Woodward v. Clegge
This text of 8 Ala. 317 (Woodward v. Clegge) is published on Counsel Stack Legal Research, covering Supreme Court of Alabama primary law. Counsel Stack provides free access to over 12 million legal documents including statutes, case law, regulations, and constitutions.
Opinion
Although the special pleas relied on [319]*319as presenting a defence to the action, may be objectionable on account of the omission of necessary allegations, yet we choose rather to consider them on more general grounds. The argument in support of their soundness is, that a creditor having a security which he can enforce against a principal debtor, cannot discharge it, without its having the effect to release the sureties. If this is even true, when a collateral security is taken from the principal debtor, we have seen no authority to extend the principle so far as to compel the creditor to hold an equitable lien for the benefit of the surety. In McKay v. Grenn, 3 John. C 56, the object of the bill was to obtain for the indorser of a note, used by its maker in payment for lands purchased by him,the benefit of a lien upon the purchased lands. Chancellor Kent there said, that the notion that the indorser had an equitable lien upon the land, because the note he indorsed was applied in part payment of the purchase money, is entirely without foundation. So with us, in the case of Cullum v. Emanuel, 1 Ala. Rep. N. S. 23, a surety insisted, when a mortgage had also been given, that the lands-should be exhausted for his indemnity, instead of being applied to the security of other notes without surety, but we considered his claim as having no valid foundation.

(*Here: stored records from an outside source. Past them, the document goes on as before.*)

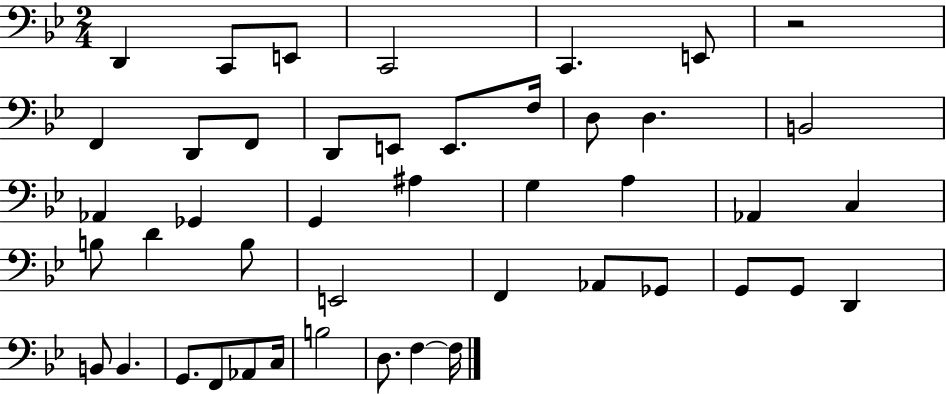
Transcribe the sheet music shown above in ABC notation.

X:1
T:Untitled
M:2/4
L:1/4
K:Bb
D,, C,,/2 E,,/2 C,,2 C,, E,,/2 z2 F,, D,,/2 F,,/2 D,,/2 E,,/2 E,,/2 F,/4 D,/2 D, B,,2 _A,, _G,, G,, ^A, G, A, _A,, C, B,/2 D B,/2 E,,2 F,, _A,,/2 _G,,/2 G,,/2 G,,/2 D,, B,,/2 B,, G,,/2 F,,/2 _A,,/2 C,/4 B,2 D,/2 F, F,/4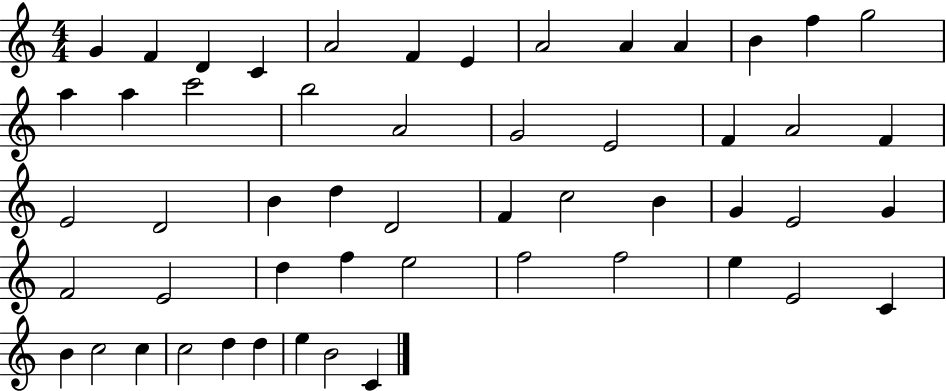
G4/q F4/q D4/q C4/q A4/h F4/q E4/q A4/h A4/q A4/q B4/q F5/q G5/h A5/q A5/q C6/h B5/h A4/h G4/h E4/h F4/q A4/h F4/q E4/h D4/h B4/q D5/q D4/h F4/q C5/h B4/q G4/q E4/h G4/q F4/h E4/h D5/q F5/q E5/h F5/h F5/h E5/q E4/h C4/q B4/q C5/h C5/q C5/h D5/q D5/q E5/q B4/h C4/q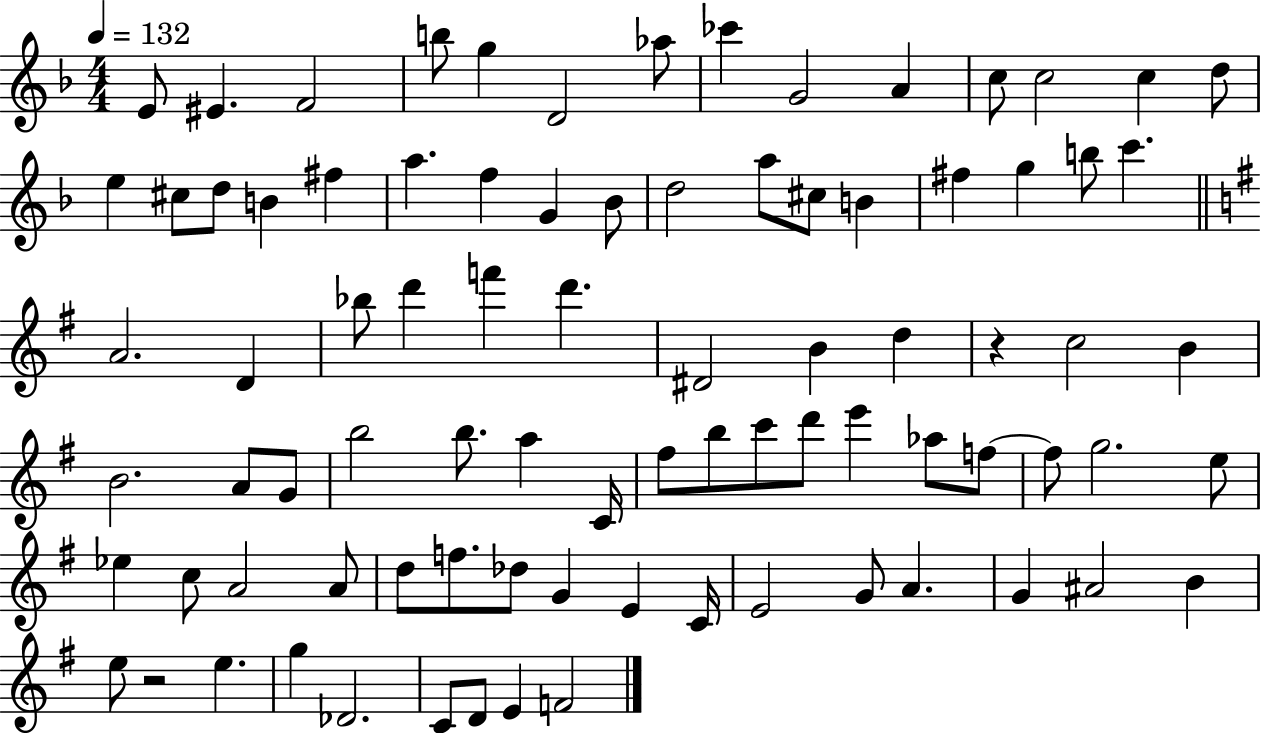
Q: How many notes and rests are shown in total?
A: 85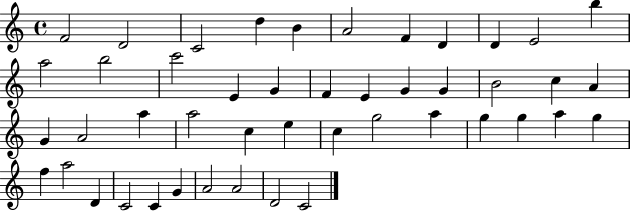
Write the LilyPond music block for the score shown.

{
  \clef treble
  \time 4/4
  \defaultTimeSignature
  \key c \major
  f'2 d'2 | c'2 d''4 b'4 | a'2 f'4 d'4 | d'4 e'2 b''4 | \break a''2 b''2 | c'''2 e'4 g'4 | f'4 e'4 g'4 g'4 | b'2 c''4 a'4 | \break g'4 a'2 a''4 | a''2 c''4 e''4 | c''4 g''2 a''4 | g''4 g''4 a''4 g''4 | \break f''4 a''2 d'4 | c'2 c'4 g'4 | a'2 a'2 | d'2 c'2 | \break \bar "|."
}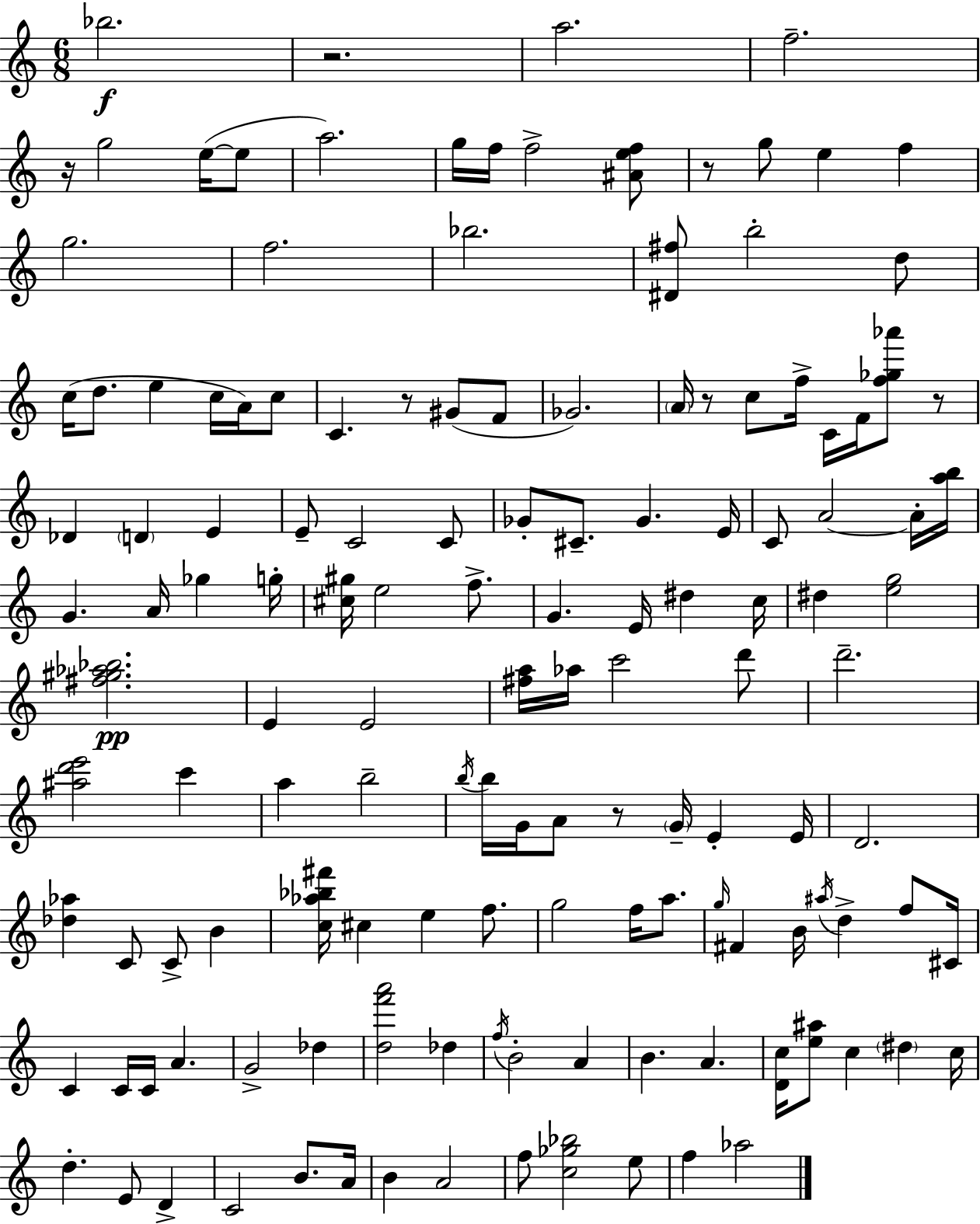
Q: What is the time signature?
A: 6/8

It is said by an eminent jurist, that the principle of subrogation seems in former times, to have been considered as authorizing the surety to insist on the assignment, not merely of collateral securities, properly speaking, but also of collateral incidents, and de-pendant rights growing out of the original debt. [Story’s Eq. § 599, a.] But the extension of the principle is denied by the more-modern cases, and must be considered as firmly established. [Ib.. § 499, c. d. and cases there cited; see also, Foster v. The Athenaeum, 3 Ala. Rep. 302.]

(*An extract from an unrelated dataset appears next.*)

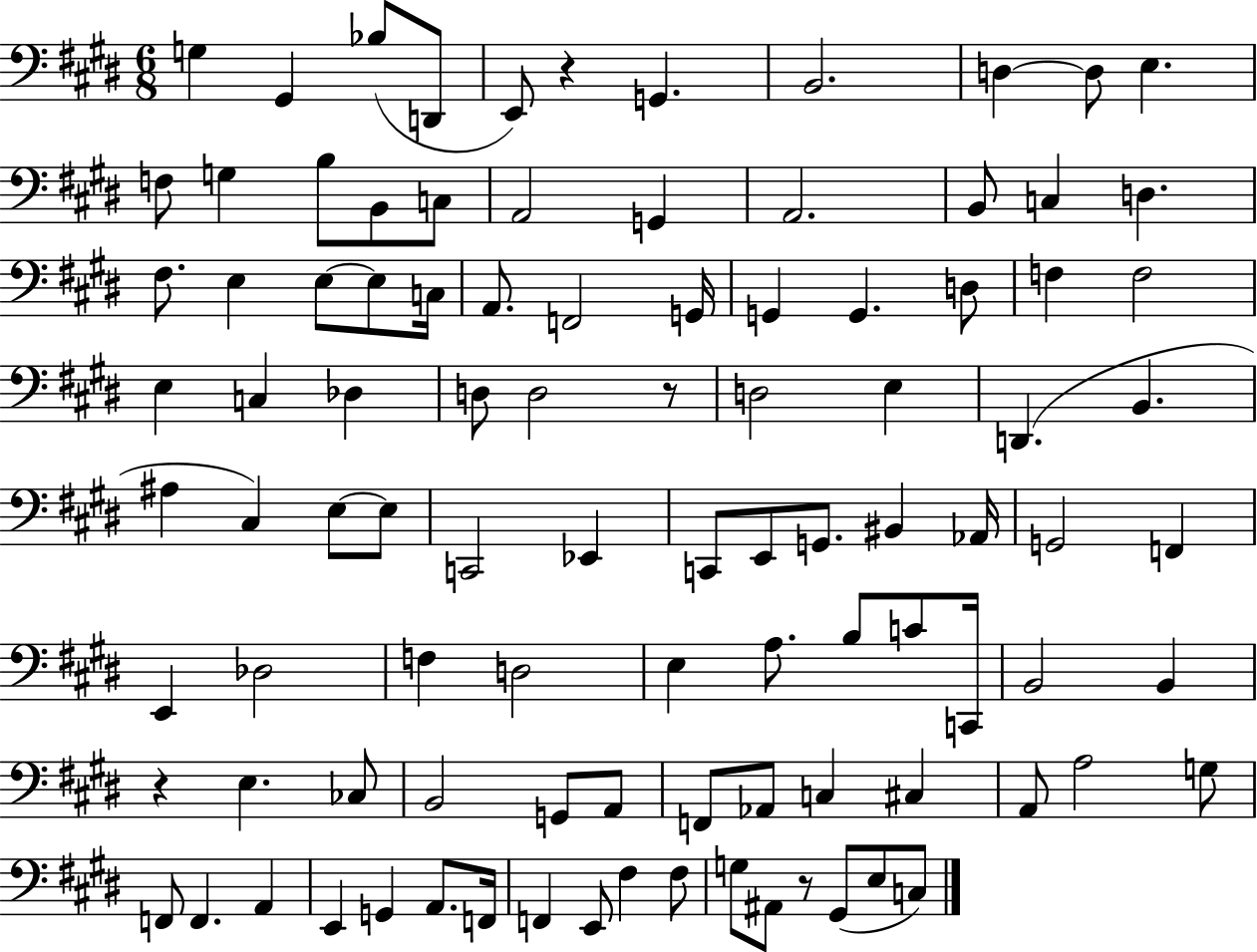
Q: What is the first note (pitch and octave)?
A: G3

In the present case, the lien arising out of the circumstance, that a bond only was executed to convey title at a future day, is-a mere incident to the contract, and is not in any sense a collateral, or independent security, and therefore the sureties to the note, which the creditor also required to be added, cannot be said to have any rights which are affected by a conveyance of th© title. There was then no error in sustaining the demurrer to these pleas,
Judgment affirmed.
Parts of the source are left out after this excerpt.